Everyone above has given thoughtful answers to solving the problem of negative gossip...emphasizing open communication, participatory discussions, respect for the divergent opinions and focused problem solving. These are all appropriate solutions to circumstances which would benefit from a rational approach.

However, gossip is NOT rational.

It is anonymous, frequently vicious and behind people's backs. If you have a leadership role, it is normal for the gossip to smile your way or avoid looking at you. The gossip justify their behavior because they feel they've been cheated...of a corner office, a starring role...and they're bitter, seeking revenge for the insult they've suffered.

They create division. I call these people boils because they are full of pus and venom.  Anonymous and therefore invisible at first, they seek followers who are also feeling cheated, and together they share exaggerated tales of injury. These differences grow over time, fed by worst-case rumors and hateful talk, and become factions.  

As this process unfolds, the previously invisible gossip inevitably becomes known to peers and subordinates because they're seeking supporters.
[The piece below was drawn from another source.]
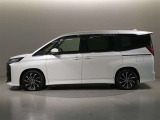 両側パワースライドドア付きだから、狭い駐車スペースなどでの 乗り降りラクラク!小さなお子さまのいるご家庭には嬉しい装備。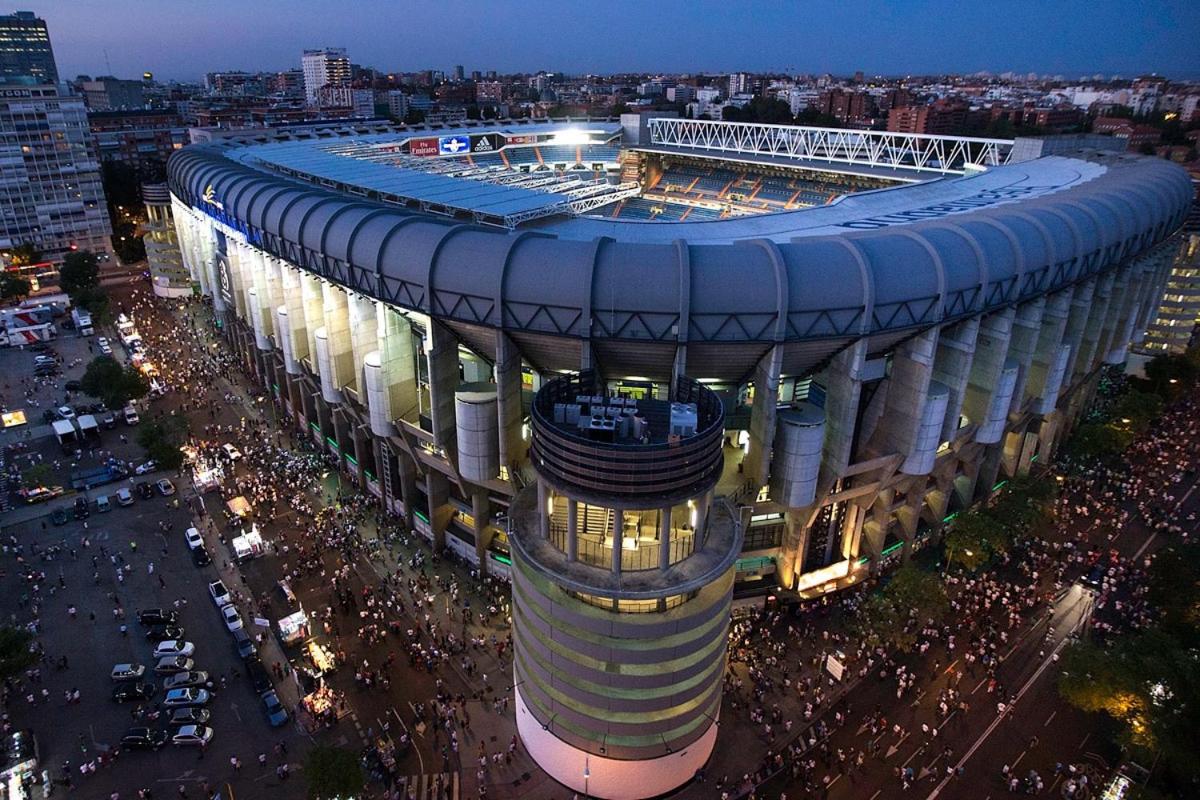 Best apartment near REAL MADRID Stadium view 4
Consequently, they're visible and can be dealt with.

No organization - family, business or government - can function with such divisiveness because every decision is less a rational problem to solve, than it is an expression of loyalty.  The solution to this emotional disaster requires everyone to buy into these values:

1.  The welfare of the entire unit always outweighs the value of the parts.
2.  Trust is the only glue that allows for disagreements.  Your word is your bond.  No exceptions.
3.  Secrets are not acceptable.
4.  If you have a point of view, you are responsible for speaking out & speaking up.
5.  You may agree to disagree, but you are required to behave in line with decisions.
6.  If you break any of these rules you may be fired.  If firing is not possible, expect to end up in Siberia.

Good luck.

Gossip lives in the absence of answers, communication, transparency, etc. Often times in organizations, the reason that the "grapevine" grows is that there isn't anything being shared or it isn't shared frequently enough or shared consistently. The best way to deal with gossip is a commitment to communication. Not just any kind of communication though. It is telling people what is going on in a clear, concise, non-jargon laden way. Communication is like sunlight. It undermines the power of gossip.  

The two people that are spreading gossip have to be addressed immediately. Its likely they don't understand the future that is being created, don't see themselves in it or are frightened by it. The best thing to do in these situations is to ask them how they feel about the changes. Get them to talk about what their concerns are. Then give them a role in the development or implementation of the change. Don't let them sit on the sidelines formulating reasons why it won't work. Get them to focus their powers for good! If they are part of the solution, its hard for them to undermine it.